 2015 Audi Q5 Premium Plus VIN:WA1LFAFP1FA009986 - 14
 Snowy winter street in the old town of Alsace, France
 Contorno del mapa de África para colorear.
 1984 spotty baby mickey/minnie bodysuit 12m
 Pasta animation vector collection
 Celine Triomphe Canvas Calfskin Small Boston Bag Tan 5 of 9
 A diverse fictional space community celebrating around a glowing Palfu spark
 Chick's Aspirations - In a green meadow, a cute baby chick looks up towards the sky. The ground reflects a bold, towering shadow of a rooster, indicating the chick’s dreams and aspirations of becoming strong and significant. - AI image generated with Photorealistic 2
--
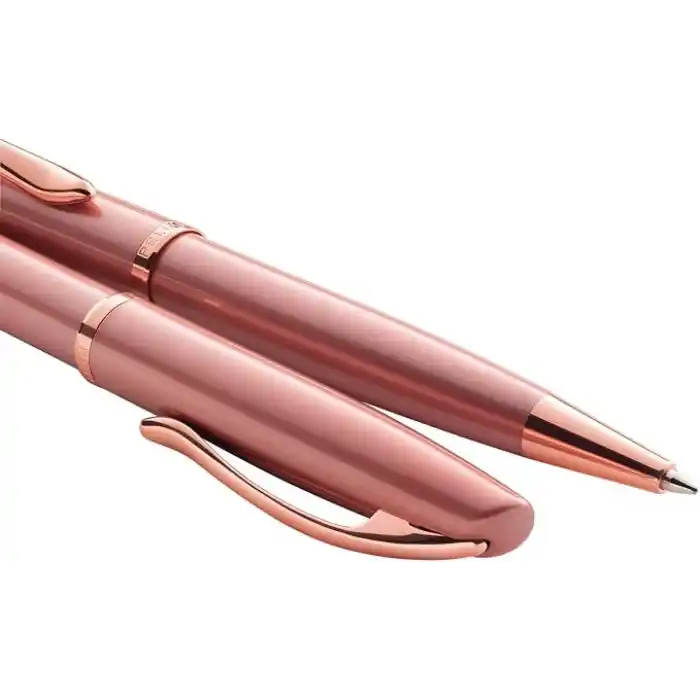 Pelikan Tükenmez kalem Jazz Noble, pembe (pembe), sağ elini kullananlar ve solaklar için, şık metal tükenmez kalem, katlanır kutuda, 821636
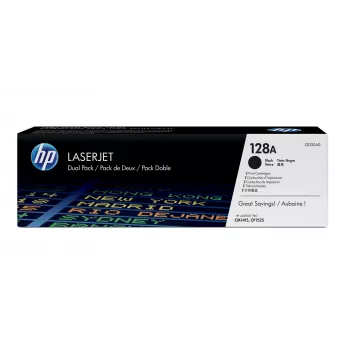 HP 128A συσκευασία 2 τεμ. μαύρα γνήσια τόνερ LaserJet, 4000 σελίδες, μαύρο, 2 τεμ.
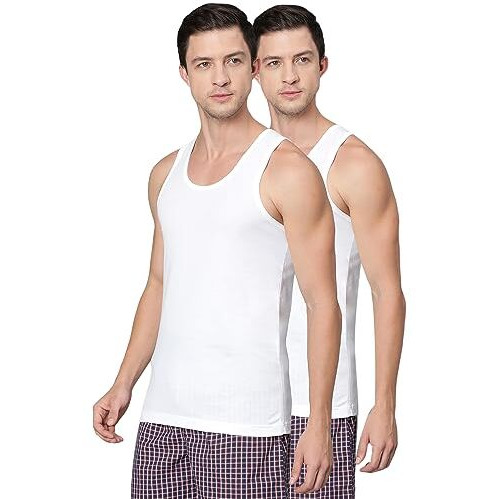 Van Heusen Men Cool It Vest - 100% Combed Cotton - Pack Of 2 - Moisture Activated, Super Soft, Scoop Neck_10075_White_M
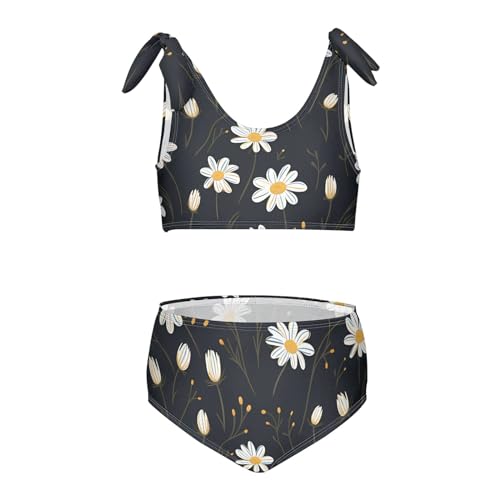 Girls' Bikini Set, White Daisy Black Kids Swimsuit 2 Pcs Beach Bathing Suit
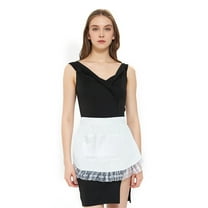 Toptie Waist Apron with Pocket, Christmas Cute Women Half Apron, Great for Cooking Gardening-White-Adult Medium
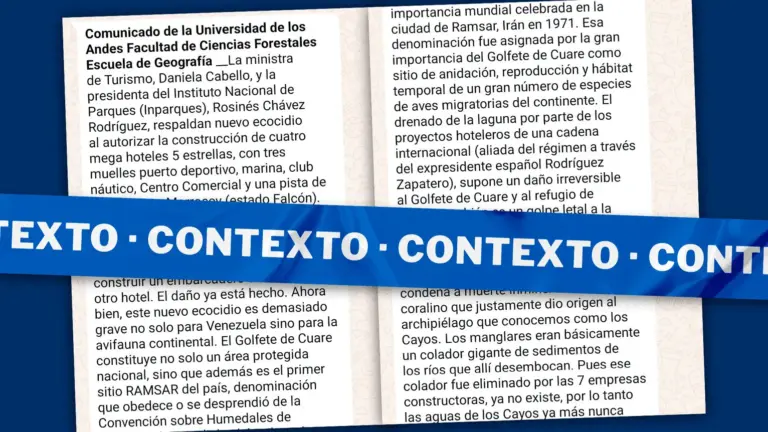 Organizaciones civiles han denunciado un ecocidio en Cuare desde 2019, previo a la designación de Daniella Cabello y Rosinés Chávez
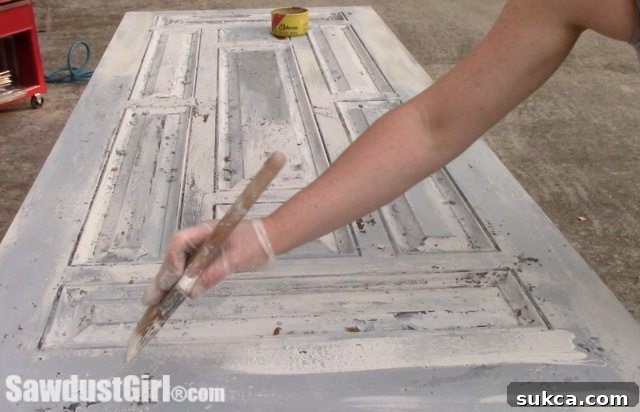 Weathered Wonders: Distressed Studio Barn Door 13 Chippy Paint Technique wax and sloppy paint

▶ PROBLEM TO WORK ON
Using the entries above, repeat only the lines from the one containing "2015 Audi Q5" through the one containing "A diverse fictional", end lines included.

▶ EXERCISE ANSWER
 2015 Audi Q5 Premium Plus VIN:WA1LFAFP1FA009986 - 14
 Snowy winter street in the old town of Alsace, France
 Contorno del mapa de África para colorear.
 1984 spotty baby mickey/minnie bodysuit 12m
 Pasta animation vector collection
 Celine Triomphe Canvas Calfskin Small Boston Bag Tan 5 of 9
 A diverse fictional space community celebrating around a glowing Palfu spark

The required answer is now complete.